• Work to be completed:
With the pictures removed, reproduce exactly the lines from the one that contains "6 Ridge Valley Road" through the last line of the entries below.

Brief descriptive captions
──────────

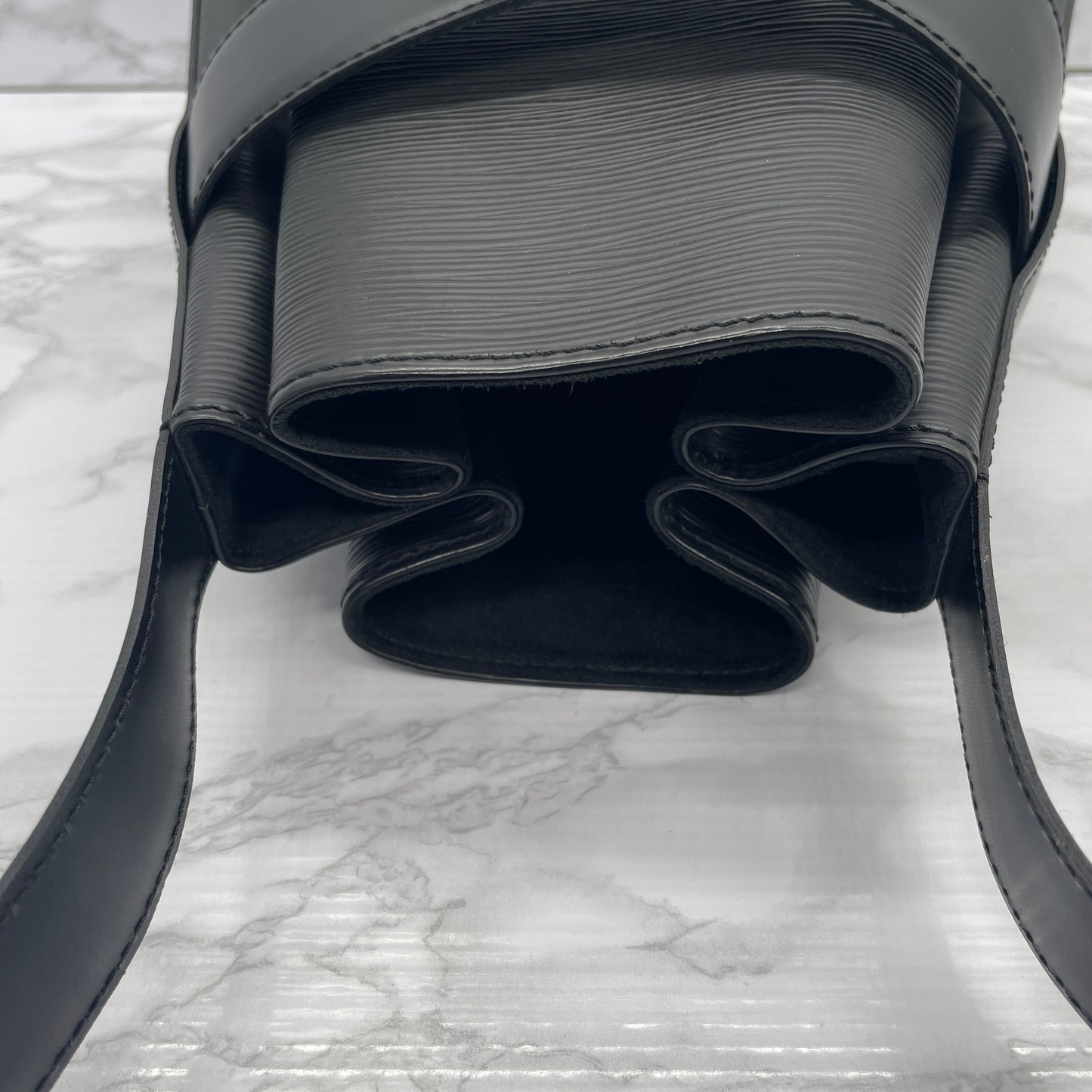 LOUIS VUITTON Epi sac de paule PM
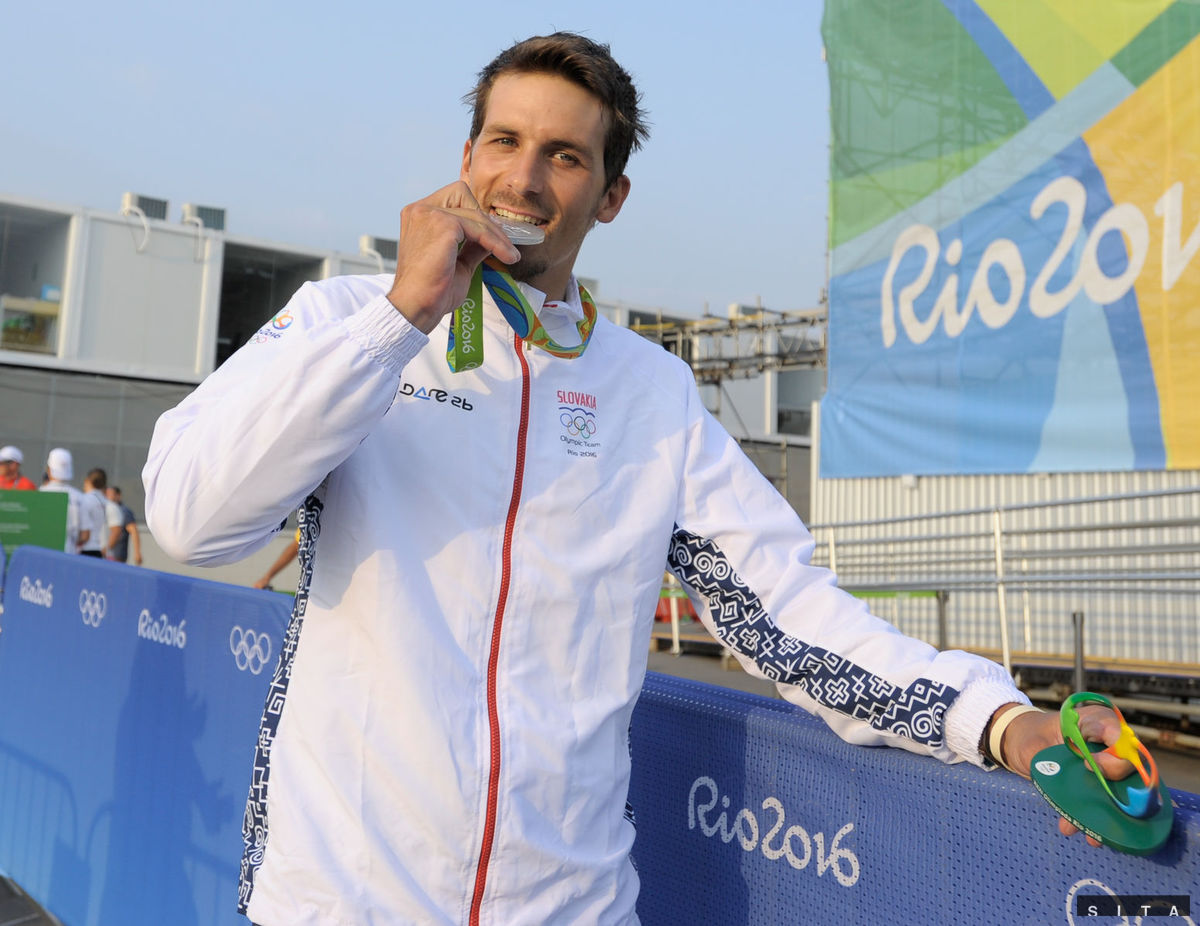Matej Beňuš sa teší z olympijského striebra.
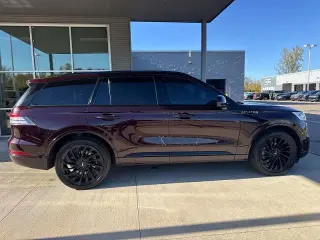 Lincoln Aviator 2023 AWD Reserve 4dr SUV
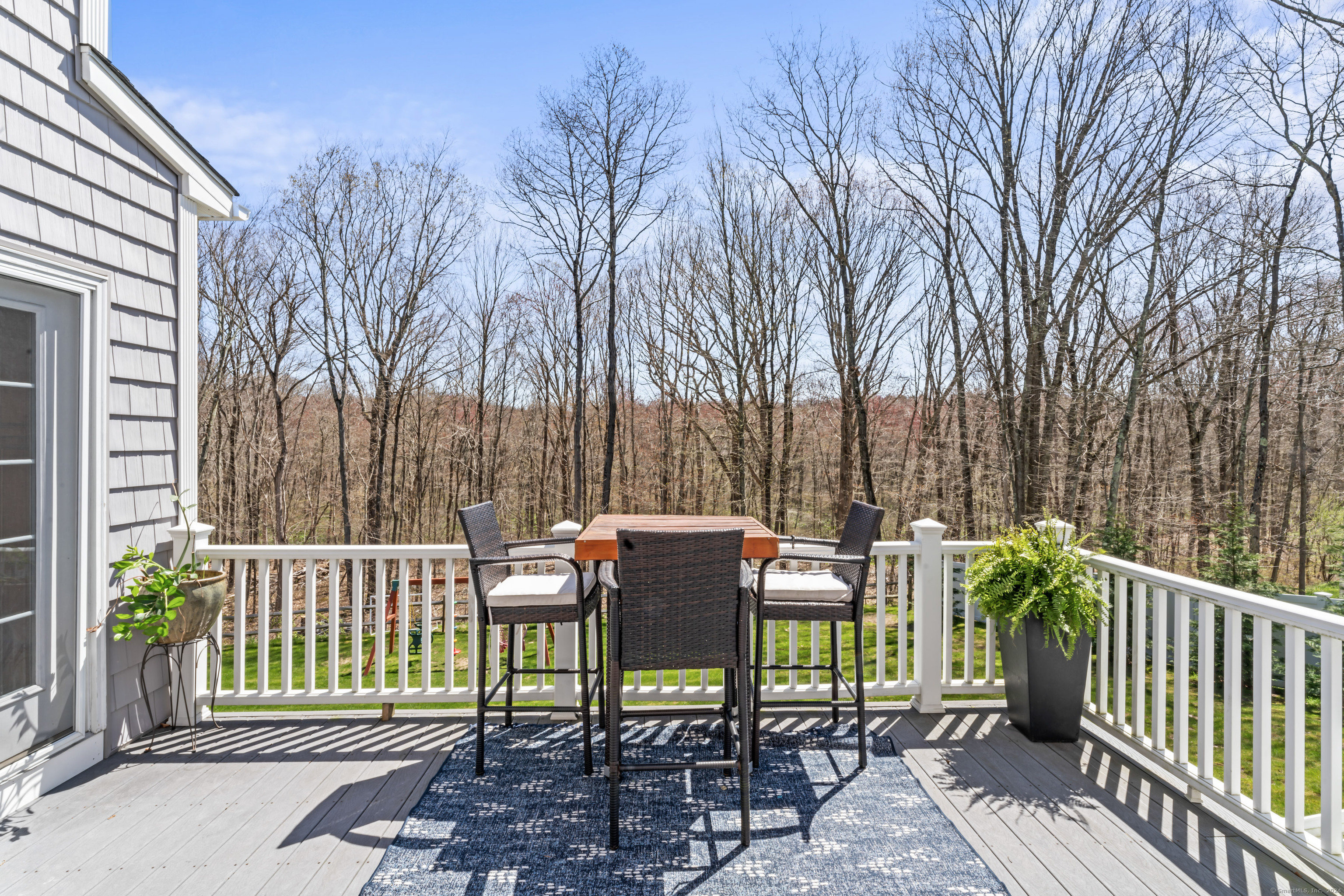 6 Ridge Valley Road
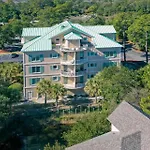 Family Getaway, Walk To Beach, Balcony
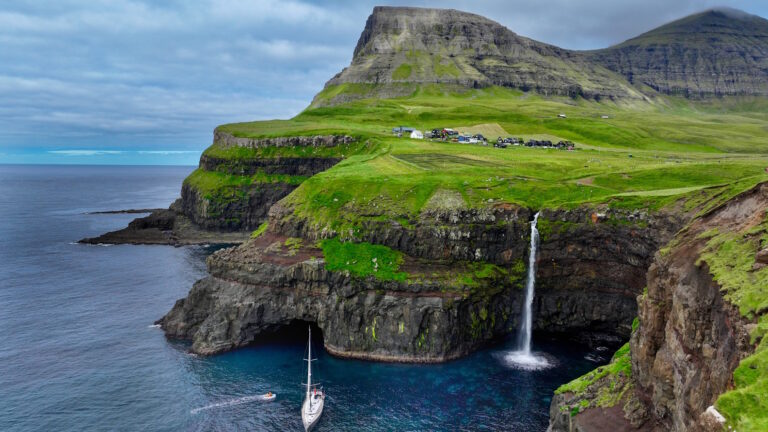 kiedy jechać na Wyspy Owcze?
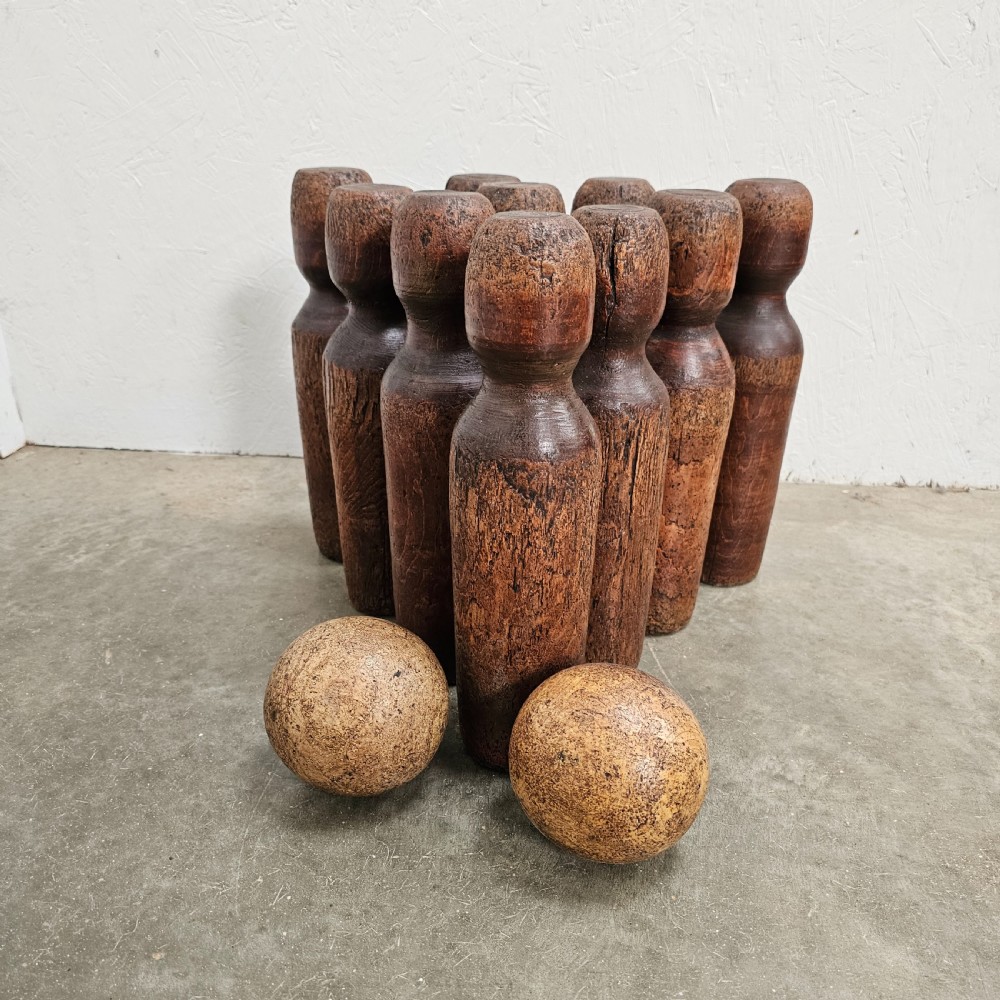 Set of French Tenpins & Two Balls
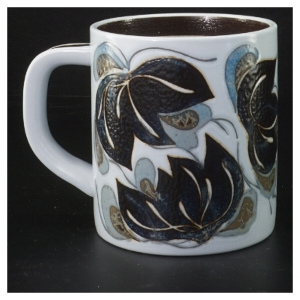 Keramikkrus med årstal fra Royal Copenhagen, 1976 (str. 11,5 cm)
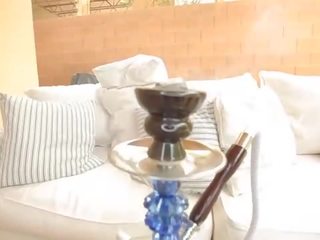 Coqueta fumando mqmf lila personable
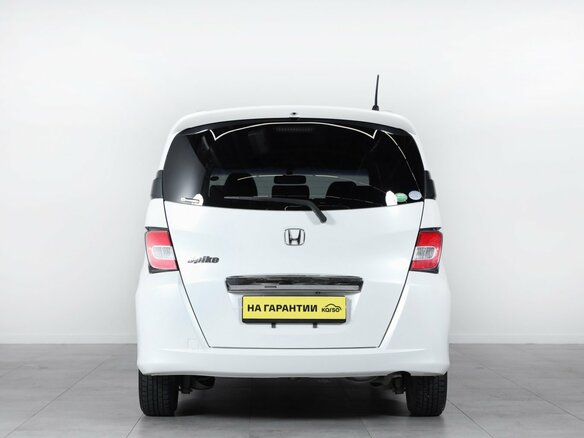 2014 Honda Freed Spike I Рестайлинг, белый, 1249000 рублей - вид 4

──────────

• Your solution:
 6 Ridge Valley Road
 Family Getaway, Walk To Beach, Balcony
 kiedy jechać na Wyspy Owcze?
 Set of French Tenpins & Two Balls
 Keramikkrus med årstal fra Royal Copenhagen, 1976 (str. 11,5 cm)
 Coqueta fumando mqmf lila personable
 2014 Honda Freed Spike I Рестайлинг, белый, 1249000 рублей - вид 4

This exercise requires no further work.